My Trunk of Gold

 

John Bunyan was an English Puritan who lived in the 17th century. He was the author of Pilgrim’s Progress, one of the enduring works of Christian literature and, without dispute, one of the most printed books in the history of humankind. It is a story of the trials and struggles of the Christian life on the road to the Celestial City, a story Bunyan himself lived in the face of great suffering.

Bunyan’s young life was rebellious and blasphemous. After fighting in Cromwell's civil war, he married a woman who owned little more than two books: The Plain Man's Pathway to Heaven, by Arthur Dent and The Practice of Piety, by Lewis Bayly. Bunyan read these, repented, and sought to mend his ways. He heard Christians talking about the joy of their conversion and it broke his heart with longing for the assurance that they had. One day, while walking through a field, it came to him that his righteousness was in heaven. He wrote, “There was nothing but Christ before my eyes . . . Oh, I saw that my gold was in my trunk at home . . . Now Christ was all!”

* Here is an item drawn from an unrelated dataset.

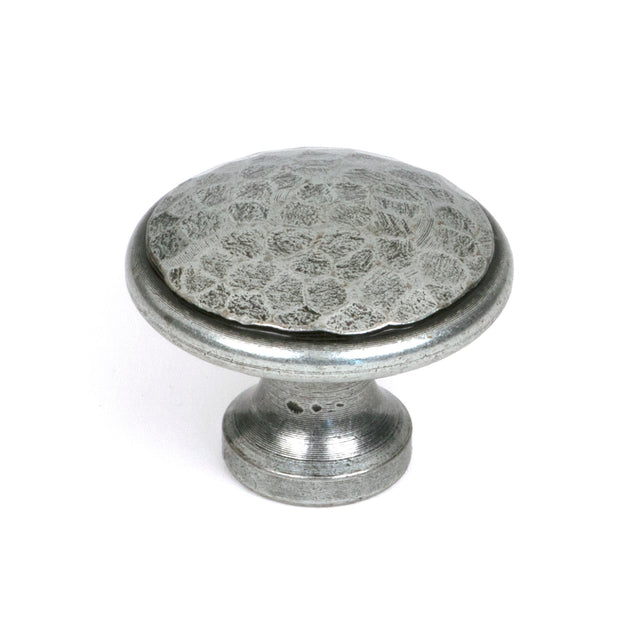 From The Anvil - Pewter Hammered Cabinet Knob - Large | Sku. 33625 | Trade Door Handles.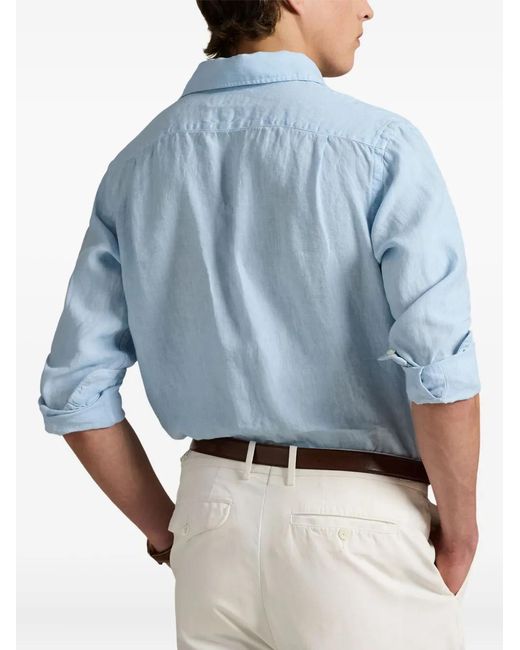 Polo Ralph Lauren Blue X Wimbeldon Button-Up Shirt for men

This sounds like a happy ending, but Bunyan's first child, a daughter he loved dearly, was born blind. Soon after, his beloved pastor died without warning. Fervent and irrepressible in his faith, Bunyan began to preach, pretty much wherever he could. Hundreds flocked to hear him.

But the political situation in England did not smile upon Puritans expositing scripture outside of the state church. He was arrested while preaching in a farmhouse to a large crowd. When told that he would be freed if he stopped preaching, he responded, “If I am freed today, I will preach tomorrow.”

He spent the next twelve and a half years in prison.

While being separated from his family was like a “pulling of the flesh from my bones,” Bunyan wrote prolifically in prison, penning works that have nourished the souls of many saints throughout the centuries.

In 1672, a church elected him as their pastor, but within a couple of years he was put back in jail for preaching. After six months, Bunyan was released again and spent his remaining years writing, traveling, and preaching. While traveling to help resolve a family conflict within the church, he fell ill with a fever and winged his way to that Celestial City.

In prison, Bunyan wrote “The Almighty God being my help and shield, I am determined yet to suffer . . . even till moss shall grow upon my eyebrows, rather than violate my faith and principles.”

May we all stand with such certainty in Christ!